### Task details
Exactly as written, copy the lines of the data below from the first through the one containing "an image of".

Provided data START

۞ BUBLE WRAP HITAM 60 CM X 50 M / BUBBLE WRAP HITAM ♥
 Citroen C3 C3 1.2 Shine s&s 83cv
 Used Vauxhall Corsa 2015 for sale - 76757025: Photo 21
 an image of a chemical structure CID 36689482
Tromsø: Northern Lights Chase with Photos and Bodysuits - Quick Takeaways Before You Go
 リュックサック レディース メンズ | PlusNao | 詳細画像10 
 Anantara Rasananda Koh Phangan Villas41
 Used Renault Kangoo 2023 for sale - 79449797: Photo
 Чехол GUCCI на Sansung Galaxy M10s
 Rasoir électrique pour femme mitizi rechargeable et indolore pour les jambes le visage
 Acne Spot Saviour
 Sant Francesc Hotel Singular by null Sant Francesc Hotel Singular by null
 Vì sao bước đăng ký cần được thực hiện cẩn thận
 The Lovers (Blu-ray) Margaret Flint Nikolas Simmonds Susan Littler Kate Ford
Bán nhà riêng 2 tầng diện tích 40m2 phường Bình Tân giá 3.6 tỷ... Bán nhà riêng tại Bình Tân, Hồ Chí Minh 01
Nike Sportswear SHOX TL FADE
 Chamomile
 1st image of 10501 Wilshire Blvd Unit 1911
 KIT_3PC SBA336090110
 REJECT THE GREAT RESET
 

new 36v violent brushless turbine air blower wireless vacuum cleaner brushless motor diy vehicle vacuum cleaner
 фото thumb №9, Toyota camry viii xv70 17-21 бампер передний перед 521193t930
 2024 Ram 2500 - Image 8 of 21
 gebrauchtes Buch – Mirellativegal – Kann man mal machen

Provided data END

### Solution to the exercise
۞ BUBLE WRAP HITAM 60 CM X 50 M / BUBBLE WRAP HITAM ♥
 Citroen C3 C3 1.2 Shine s&s 83cv
 Used Vauxhall Corsa 2015 for sale - 76757025: Photo 21
 an image of a chemical structure CID 36689482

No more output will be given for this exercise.